We F****d the Power Law
For the last month I’ve been debating with one of my friends about the benefit/drawback of a concentrated portfolio approach. I can tell him that mathematically spray and pray funds underperform concentrated portfolios, with multiple case studies, but I couldn’t mathematically explain why the law of large numbers wouldn’t apply. In other words, more startup investments should hypothetically get you closer to obeying a theoretical probability distribution, a theoretical power law. Basically, you’d be guaranteed to be more likely to find 4 or 5 unicorns, and if you maintained ownership at an even level across the portfolio you’d be more likely to generate top quartile returns. Even more confusing because this strategy certainly used to work ten or fifteen years ago looking at some of the older funds that have lost credibility now.

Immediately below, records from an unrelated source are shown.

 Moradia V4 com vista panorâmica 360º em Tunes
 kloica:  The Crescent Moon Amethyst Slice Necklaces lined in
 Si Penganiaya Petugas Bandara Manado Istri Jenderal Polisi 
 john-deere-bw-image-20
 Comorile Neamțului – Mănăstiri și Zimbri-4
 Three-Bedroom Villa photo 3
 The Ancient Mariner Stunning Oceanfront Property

After reflecting on my math, logic, and venture understanding I’ve come up with two explanations, one of which I’m more inclined to believe than the other, which is that we f*****d up the power law by rapidly overexpanding the VC ecosystem.

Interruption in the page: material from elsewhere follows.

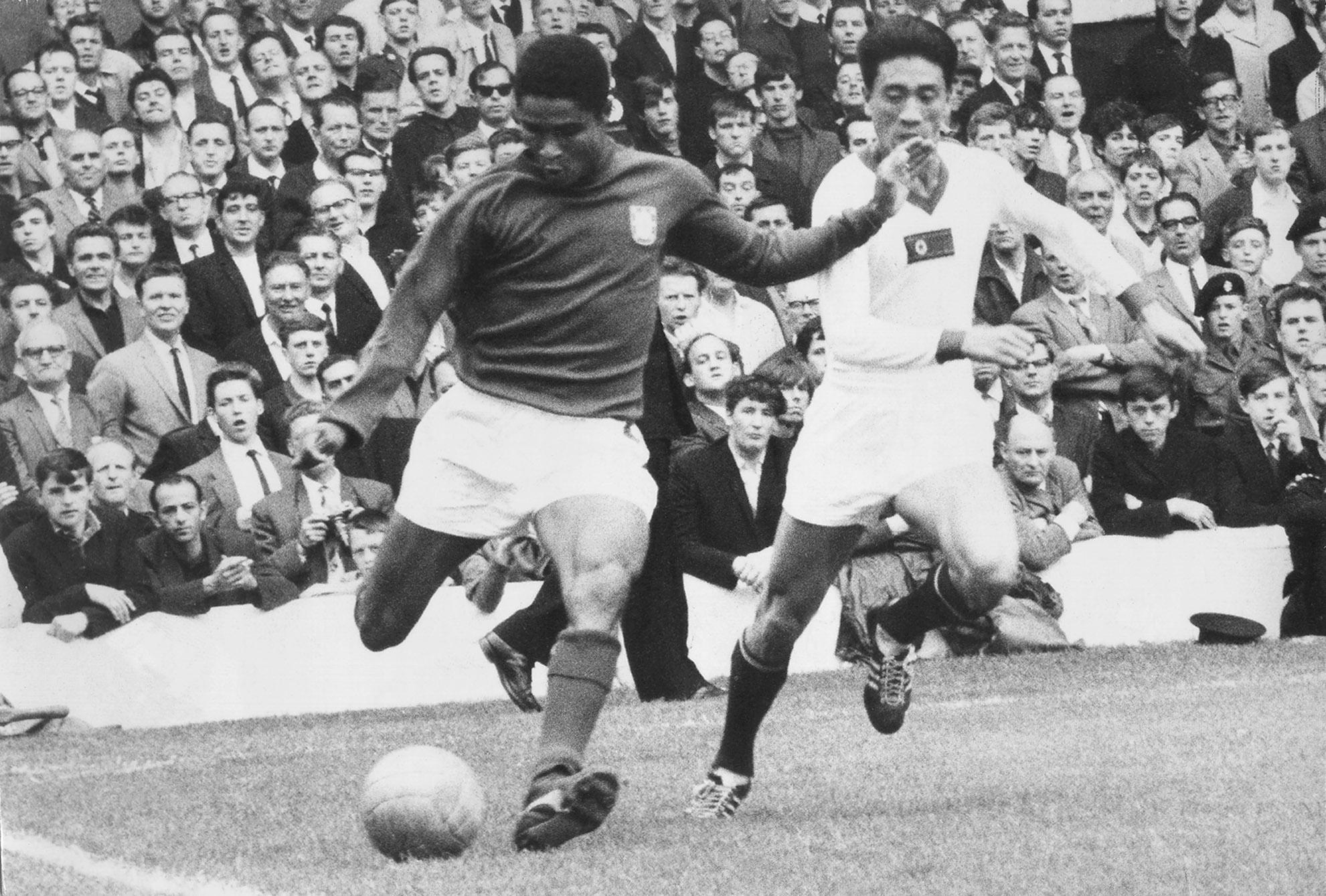 Eusébio no Portugal-Coreia do Norte (5-3), em Goodison Park, Liverpool, em 1966 - Foto: A BOLA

For posterity’s sake though, I’m still going to explain my other line of reasoning, which is that the power law isn’t real at all, and why I don’t think it’s (strictly) true. Without further ado:
Is the Power Law a Lie?
This is the easy explanation for why so many larger venture funds underperform the market, why accelerators and incubators are notoriously hard to build, and why spray and pray doesn’t work. The power law must be wrong or the distribution is more linear than we predicted. If the distribution is funkier and VCs manage to find one extreme of the distribution by investing in highly risky companies, or just some VCs never find that end of the distribution, then obviously you’d approach whatever that distribution looks like. Maybe the power law only applies in certain circumstances. Maybe VC as an asset class is just one giant web of lies.

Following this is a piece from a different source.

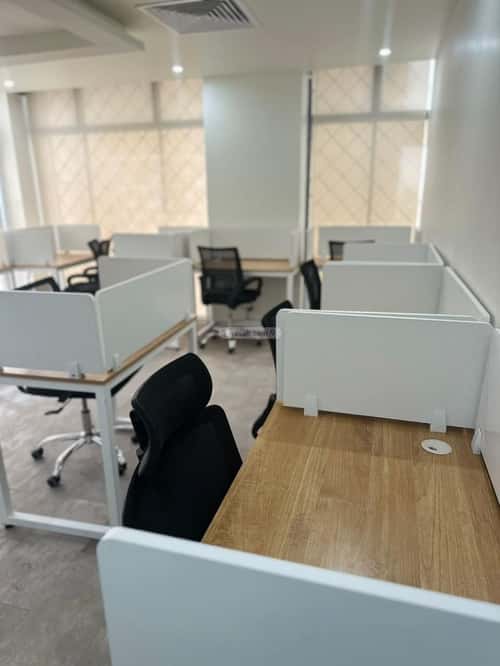 9000 sqm office in As Suwaidi 2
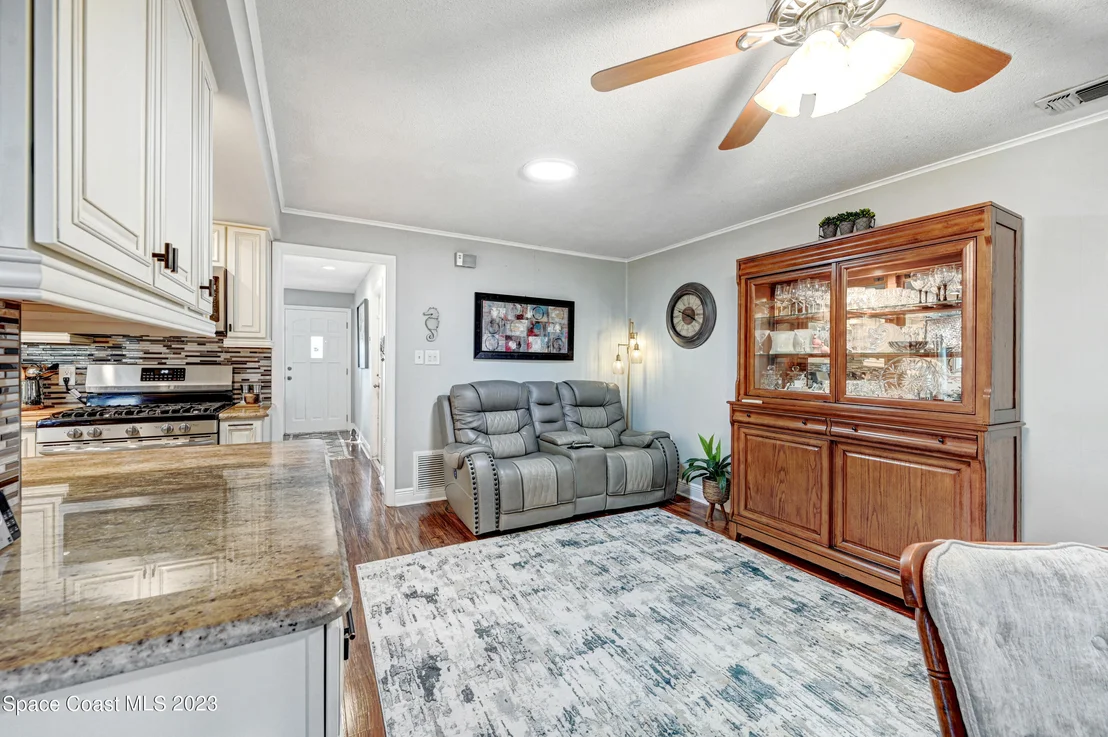 Photo of 405 Thrush Drive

Two issues though, first, I couldn’t come up with another distribution that would create a pattern that looks anything like what we really have in venture backed companies. Sure, you can fatten the middle of a distribution. You can make it look weird at the tail and the head. You can do all sorts of things, but it’s hard to replicate what VC looks like with anything but a power law.
And the more important the issue though, spray and pray does work. Sometimes. There are a lot of large, less concentrated, fund strategies that generate excellent returns. A16, Soma, Lightspeed, and many others. Which means there’s only one other explanation…
We F***** the Power Law
The only other mathematical explanation I could contrive (and I’m sure I’ve missed many, but feel free to flame me in the comments for that) to generate the returns that we see is simply that we seriously screwed up the power law. In other words, we made the probability of finding unicorns so rare relative to the size of the ecosystem that even a portfolio of 500+ startups will not represent a sample size large enough to approach even average returns unless those startups are picked intentionally and exceptionally.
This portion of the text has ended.